Ben Bold
Oct 30, 2022

Stonewall tackles homophobia in sports ahead of Qatar World Cup

Qatar is notorious for its bad human rights record and persecution of LGBT+ people.

Stonewall tackles homophobia in sports ahead of Qatar World Cup

Stonewall has teamed up with Lucky Generals to remind people that while its nine-year "Rainbow laces" campaign has helped significantly reduce homophobia in sport, "we haven't won yet".

Timed to coincide with the build-up to the World Cup in Qatar – a host country renowned for its human rights abuses, homophobia and transphobia – "Lace up to keep it up" adapts footballing idioms to send the message that persecution needs to end.

Slogans appearing across Stonewall's social platforms, such as Instagram and Twitter, include "Let's boot the homophobes off the park", "Let's give homophobia a career-ending tackle" and "Let's send homophobia for an early bath".

According to research carried out by Stonewall and ICM/Walnut, the number of fans who find homophobia in sport acceptable has nearly halved in five years, from 25% in 2017 to 14% in 2022. It also found that 40% of sports fans think sport is welcoming to gay and bi men, while 43% think the same about lesbian and bi women and only 29% think likewise about trans people.

It was 31 years ago that Justin Fashanu came out as the first gay professional footballer, and yet Stonewall and Lucky Generals point out that Blackpool's Jake Daniels is "the only player comfortable enough to come out in the current game".

Stonewall and Lucky Generals launched the Paddy Power-backed campaign in 2013, asking footballers to wear rainbow coloured laces to show their support for gay players.

Robbie de Santos, Stonewall's director of communications and external affairs, said: "We've made incredible strides with the Stonewall 'Rainbow laces' in the UK since Paddy Power and Lucky Generals created the campaign in 2013.

"With the eyes of the world turning to the Men's Football World Cup in Qatar and hate crime against LGBTQ+ people in the UK rising at a rapid pace, the time is right to remind people that while we've made amazing progress, we can't be complacent.
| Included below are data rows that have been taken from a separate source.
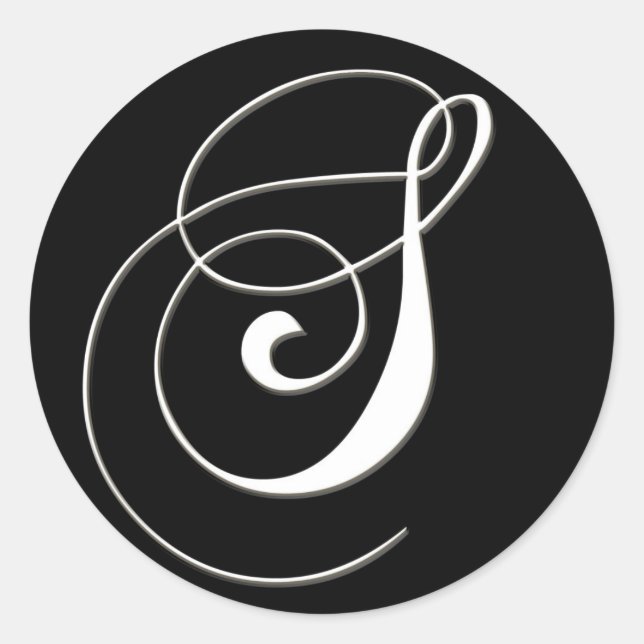 S monogram - elegant black and white classic round sticker (Front)
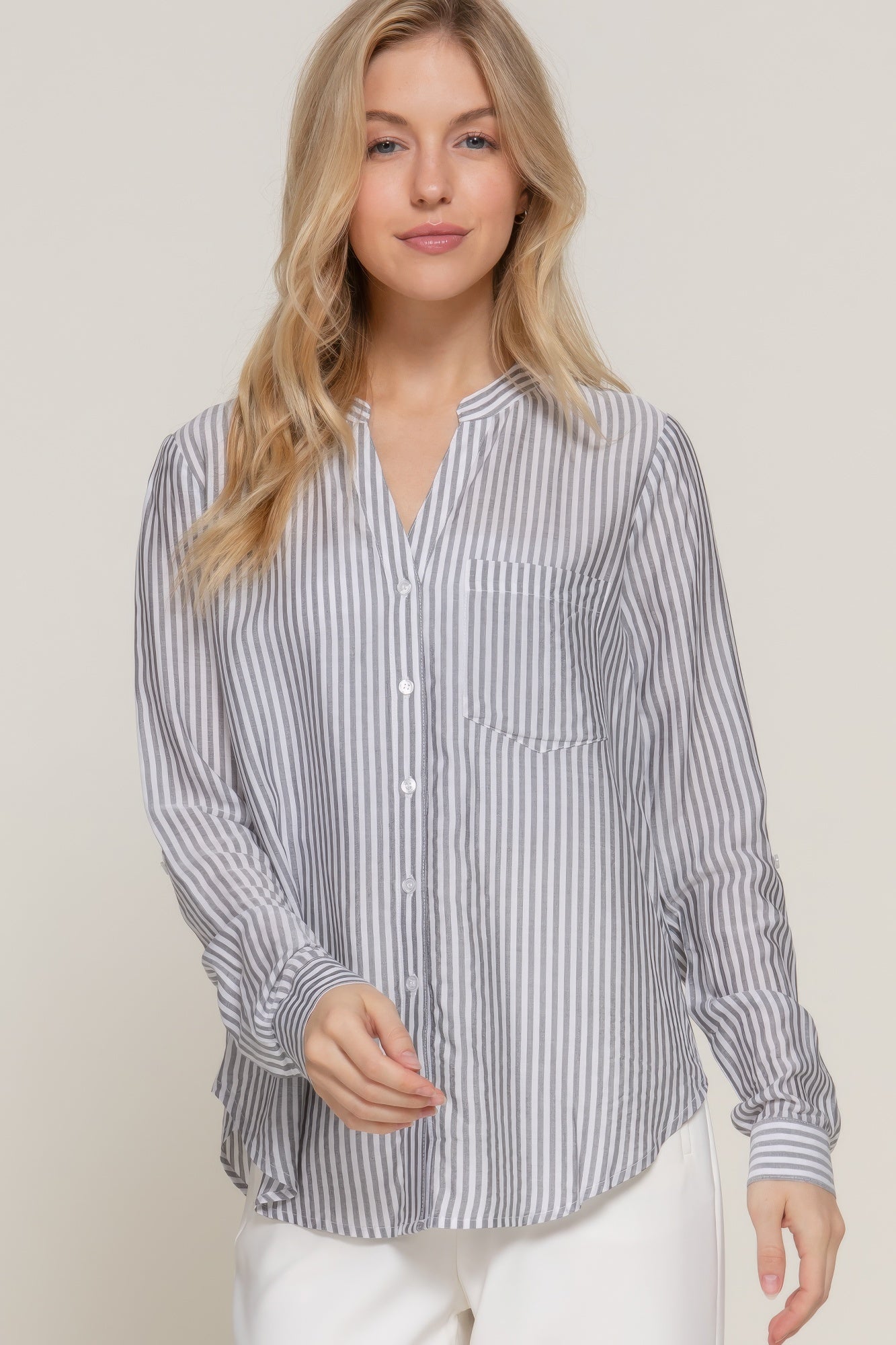 

FASHNZFAB Длинная рубашка с круглым вырезом и разрезом в полоску, черный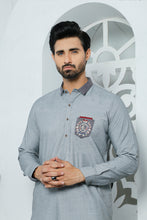 Load image into Gallery viewer, ER 477 Grey Shemrik Edge Republic Kurta Shalwar For Men With Monogram Emroided on Pocket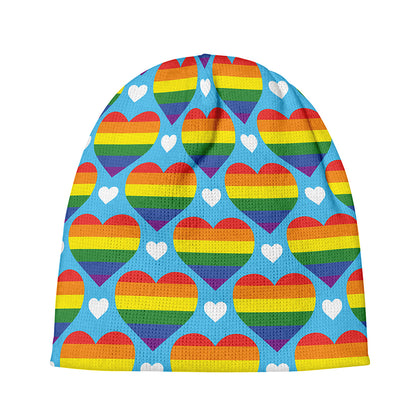LGBT Pride Rainbow Heart Pattern Print Beanie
We still need to lace up again and show our support. Going back to Lucky Generals, where it all started, was the perfect way to get this message out."

Chloe Davies, Lucky Generals' head of social impact, added: "Rainbow Laces was a game-changer, not only for Stonewall but to the many LGBTQI+ folk around the globe this initiative has helped to feel safe, seen and supported within sports. It's brilliant to be able to pick up the mantle, refresh the messaging and continue the great work started so many years ago."